HYPERTENSION which course of treatment to follow?

High blood pressure is a dangerous medical condition that eventually leads to cardiac disorders and stroke if not regulated on time, and around 75 million Americans (~one in every three adults) are afflicted with hypertension at present, according to the Centers for Disease Control and Prevention (CDC). The American College of Cardiology/American Heart Association (ACC/AHA) 2017 guidelines has categorized blood pressure (BP) into the following groups: <120/80 mm Hg as normal blood pressure, 120-129/80 mm Hg as elevated BP, 130-139 mm Hg systolic pressure or 80-89 mm Hg diastolic pressure as stage-I hypertension, and 140/90 mm Hg as stage-II hypertension. In addition to re-categorizing the BP subdivisions, greater emphasis rests on out-of-office BP measurement for accurate hypertension monitoring and for prescribing required medication.1-4
With myriad factors causing the incidence and progression of high blood pressure, including several lifestyle-related risks- obesity, inactivity, improper diet, stress and alcohol; pre-existing medical conditions- diabetes, pre-hypertension and chronic kidney disease (CKD); and othersfamily history, race and gender; hypertension is considered a silent killer. In terms of disease management, lifestyle modification is essential; patients are advised to maintain a healthy diet (heart-friendly, sodium restricted, and lipid- lowering), exercise regularly, and monitor BP constantly. High BP is generally associated with high sodium and subsequent fluid retention in the body, that can lead to swollen lower extremities and hardening of the heart arteries; advanced cases of hypertension can show signs of headache, dizziness, shortness of breath, and eye problems. Moreover, prolonged hypertension can cause more serious ailments that include retinopathy, cardiac failure, cerebral stroke, or renal dysfunction.5-7
Hypertension can be either primary, where no root cause is known, or secondary, caused by other medical conditions, like diabetes or chronic kidney disease (CKD). The combination and type of medications prescribed to the patients depend on patient medical history, background, comorbidities, age, and lifestyle.
The ACC/AHA, in the latest guidelines, has emphasized individualized cardiovascular risk measurement by ambulatory and home BP monitoring as crucial steps, in addition to clinic BP checking. Also, the ACC/AHA advices the physicians, the nursing staff or the nutritionist to provide a much-needed lifestyle modification education to the patients- BP of 130-139/80-89- with a <10% cardiovascular disease risk over the next 10 years and a more aggressive approach for those with a >10% risk of the onset of cardiovascular disease.3 Several types of drugs are prescribed to curb hypertension, such as diuretics; beta blockers; renin-angiotensin-aldosterone system blockers (RAASs)- angiotensin-converting enzyme inhibitors (ACEI), angiotensin receptor blockers (ARBs); and calcium channel blockers (CCBs).8,9 Diuretics, calcium channel blockers, and RAAS blockers form the first line of treatment.
RAAS inhibitors either reduce angiotensin II synthesis, thereby inhibiting aldosterone secretion (ACEIs), or may impair the angiotensin II receptors (AT I) (ARBs).
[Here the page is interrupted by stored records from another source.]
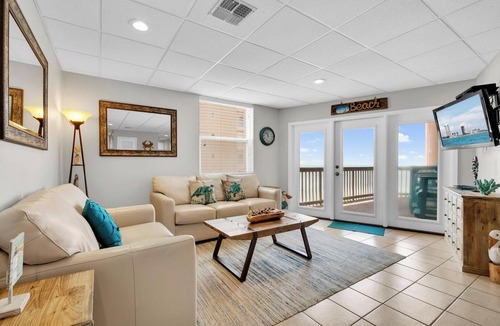 South Padre Island Villa | Bayfront Condo With Water View & Boat Slips!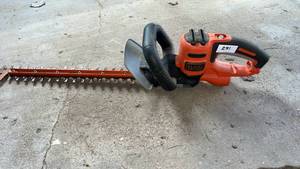 lot 251 image: BlackDecker Hedge Trimmer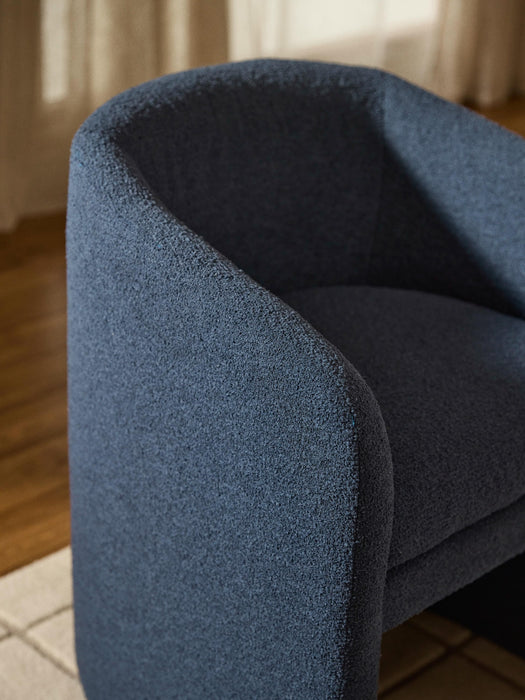 Boucl Dining Chair Mairo with Armrests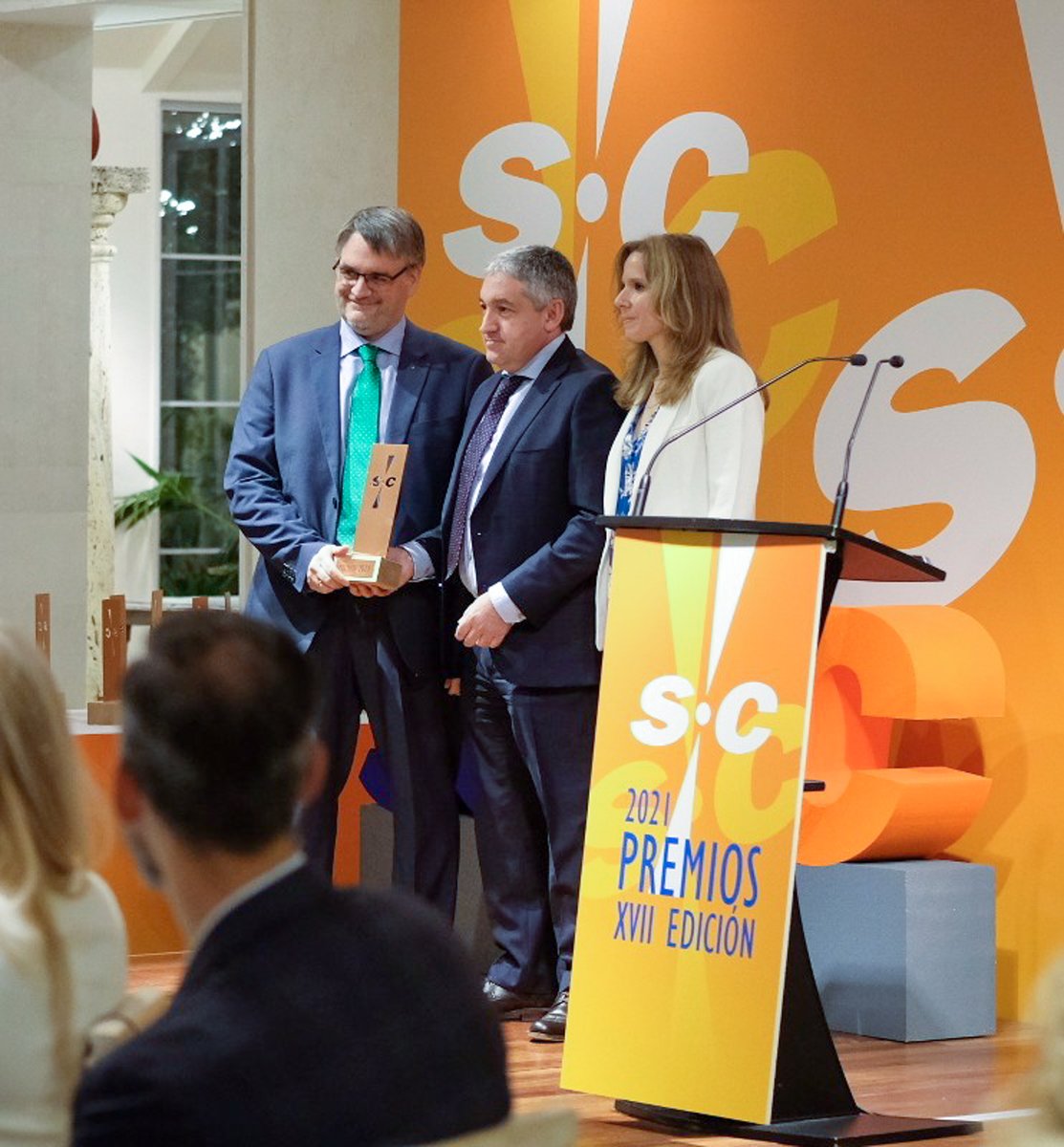 leet_security's tweet photo. Muy agradecidos a @SicRevista por el reconocimiento en sus XVII #PremioSIC, compartido con el Centro de Cooperación Interbancaria, por el desarrollo de #Pinakes...
...Y por una divertida noche de #ciberseguridad! https://t.co/nBQqQw9Cyo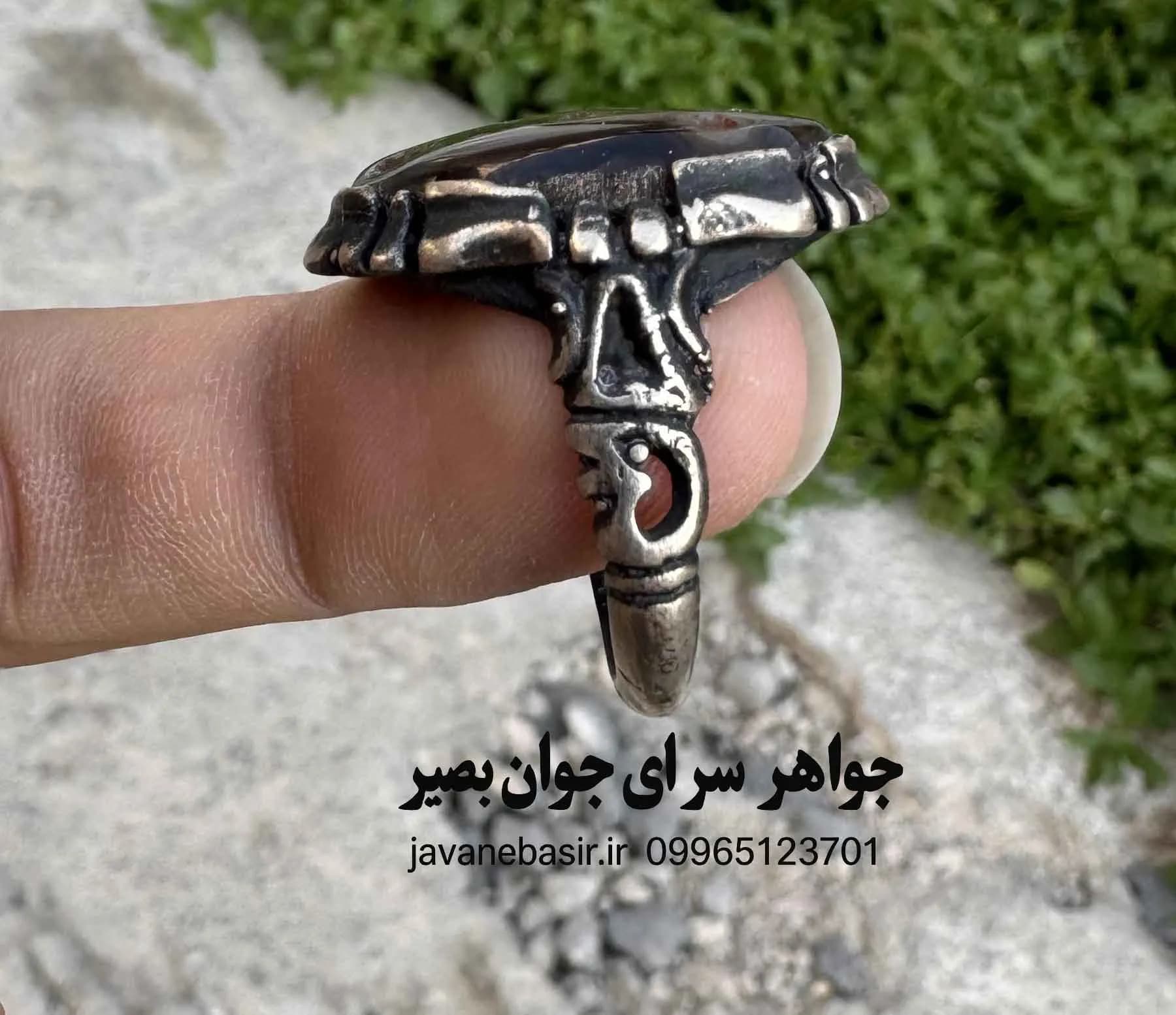 انگشتر عقیق مصور با چهره واضح | سنگ کهن برای عزت و حفاظت — تصویر ۲
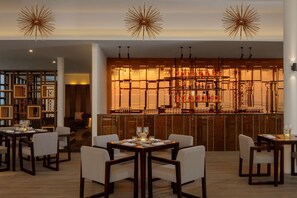 4 restaurantes; se sirven comidas y cenas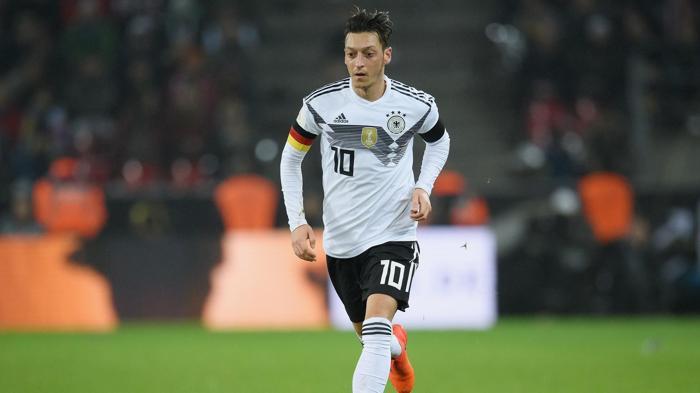 Mesut Özilin menajerinden olay açıklamalar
The CCBs reduce blood pressure by relaxing vascular smooth muscle and dilates blood vessels, and therefore, reduce peripheral resistance. The diuretics, on the other hand, curbs sodium and water retention by the kidneys and hence, reduces extracellular fluid volume.
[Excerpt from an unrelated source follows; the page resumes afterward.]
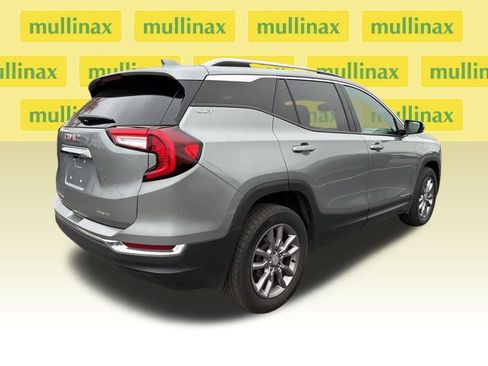 Certified 2024 GMC Terrain SLT image 47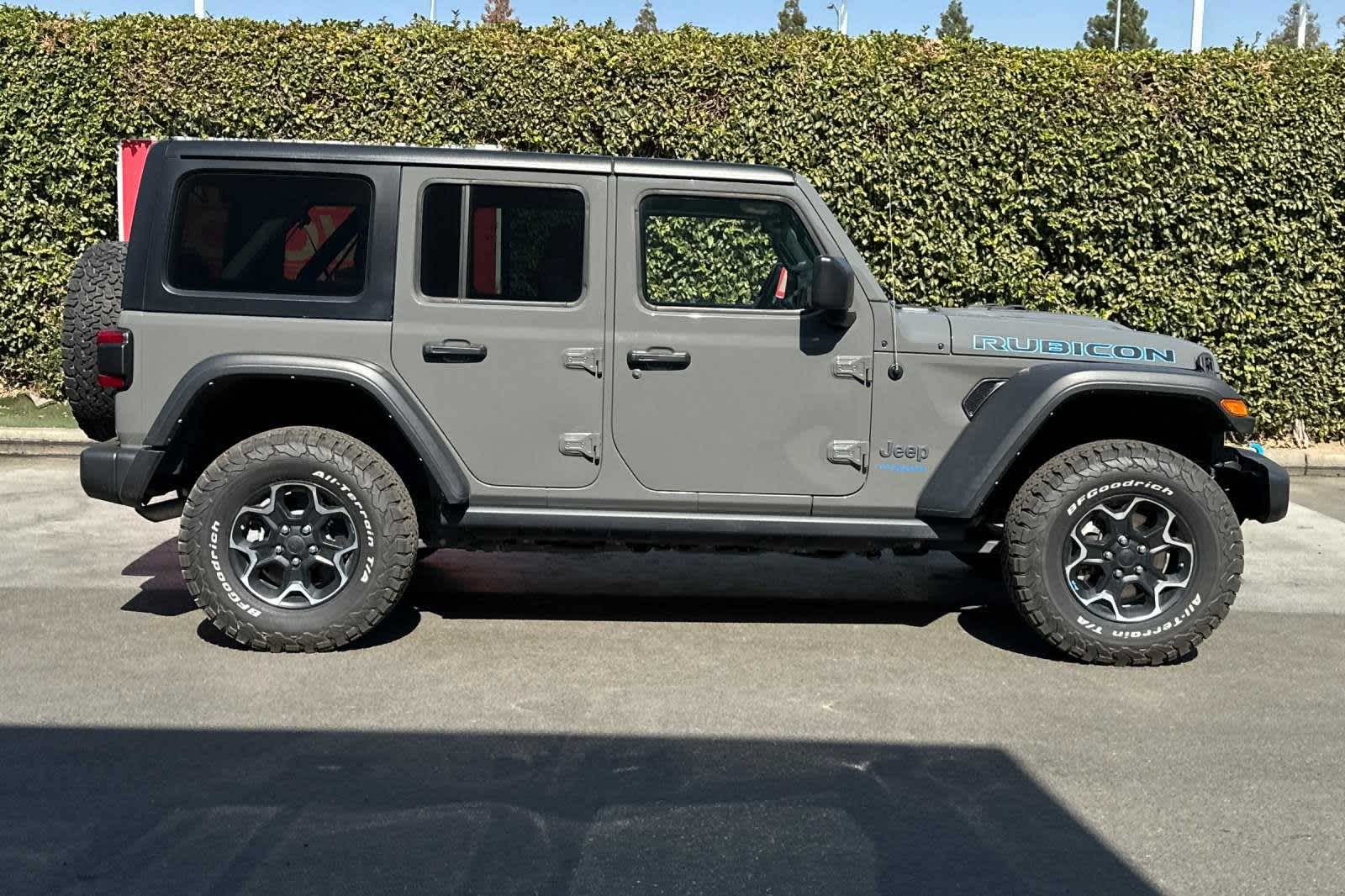 2022 Jeep Wrangler 4xe Unlimited Rubicon 9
Hypertension lies at the crossroads of significant health complications- cardiac dysfunction, stroke, and renal disorder. The diuretics, a prominent class of medication prescribed to treat hypertensive patients, targets kidney function by tightly regulating sodium and water load; they affect the renal tubules of the kidney to expedite their release from the body. According to the ACC/AHA guidelines, the diuretics are incredibly favorable for patients with diabetes, >65 years of age, of African origin, with a history of stroke or low renin, and even people who have suffered from cardiac failure. The thiazide-type diuretics constitute the only category of diuretics that dilates blood vessels, in addition to regulating sodium and water retention in the body, thereby reducing blood pressure. Though the precise functional mechanism is unknown, these diuretics target the distal convoluted tubules in the kidney. Several meta-analyses and clinical studies (on patients with varied medical histories) have tested the efficacy of the thiazide-type diuretics. These diuretics have exhibited favorable outcomes in these studies; their effectiveness proved to be comparable with other classes of hypertension medications.
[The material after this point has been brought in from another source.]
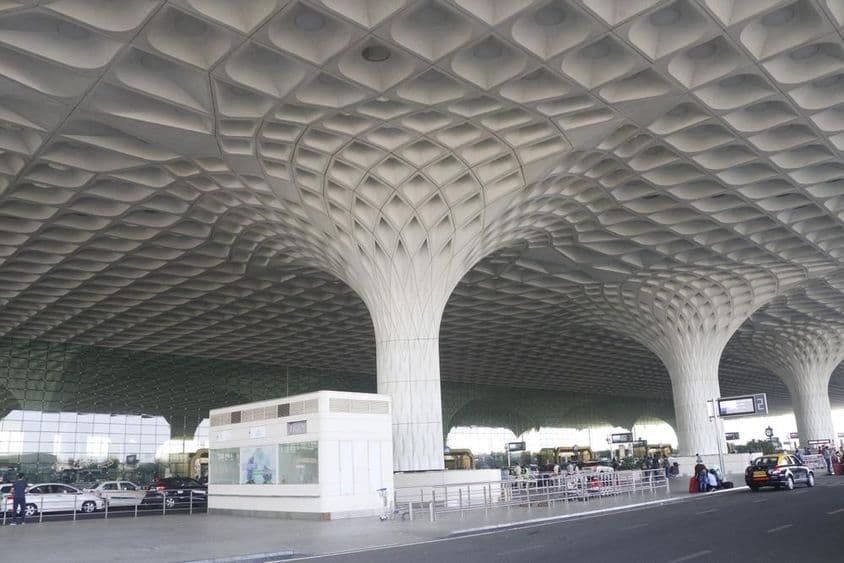 Externý pohľad na Medzinárodné letisko Navi Mumbai.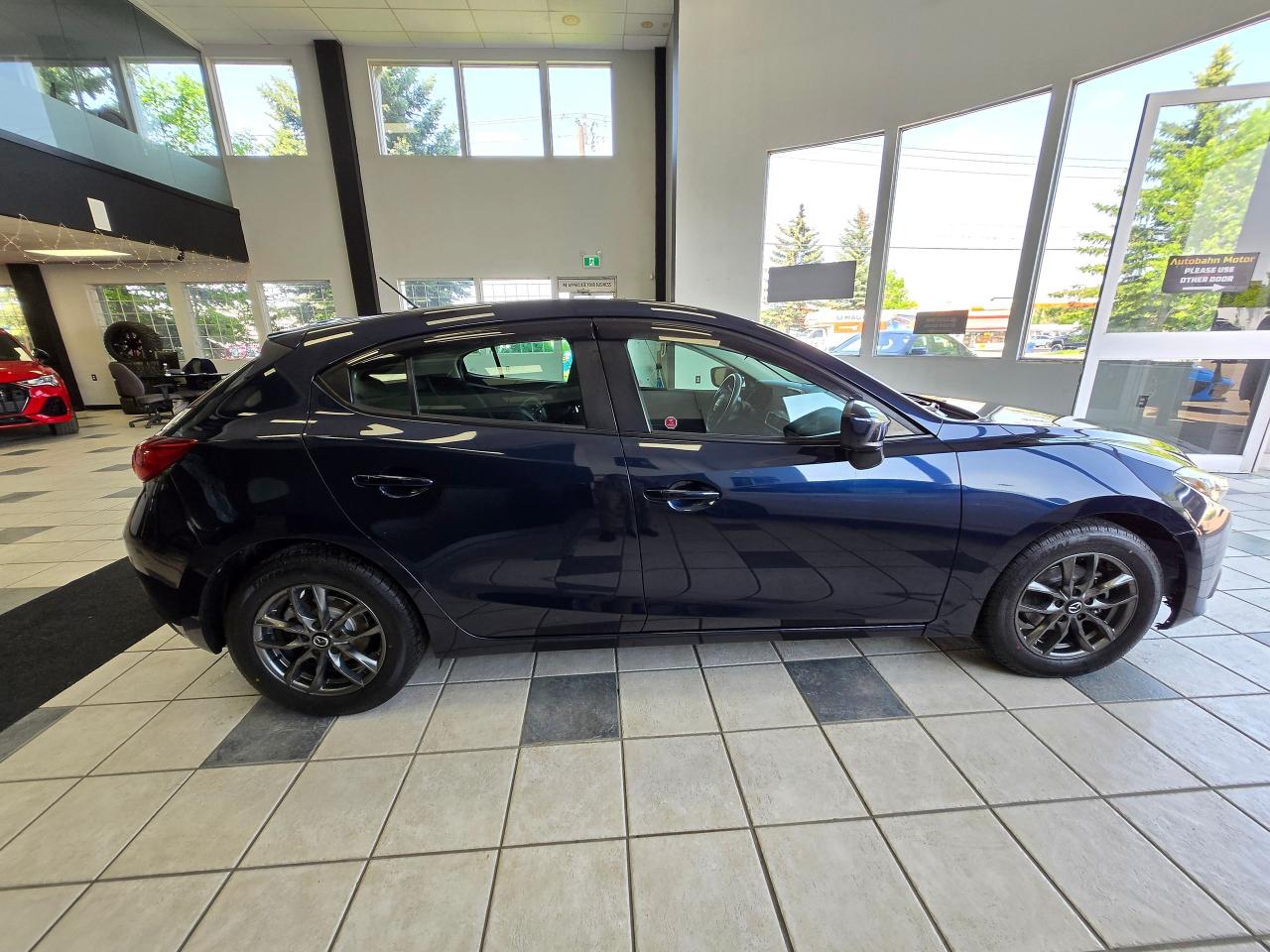 2016 Mazda MAZDA3 GX Hatchback | ALL CREDIT ACCEPTED!! - Photo #8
The thiazide-type diuretics are grouped into two separate sub-classes: thiazides (with a bi-cyclic benzothiadiazine backbone) and the thiazide-like diuretics (lacking the benzothiadiazine backbone), both target the first segment of the distal convoluted tubule. Studies performed on diabetic and elderly patients show promising outcomes with the thiazide-like diuretics in comparison to thiazides, the main differences lie in potency, dose, and side-effects. The thiazides are administered in high doses that are responsible for harmful side-effects such as hyperkalemia, dyslipidemia, and dysregulated glucose levels, to mention a few. Evident from independent clinical trials, the thiazide-like diuretics have an edge- their efficacy in low sustained doses have proved to control almost every adverse metabolic reaction in patients with primary hypertension. Specific thiazide-like drugs are preferred for their role in improving renal and cardiac markers too; independent trials show the positive impact of these diuretics on reviving endothelial and arterial functions of the heart.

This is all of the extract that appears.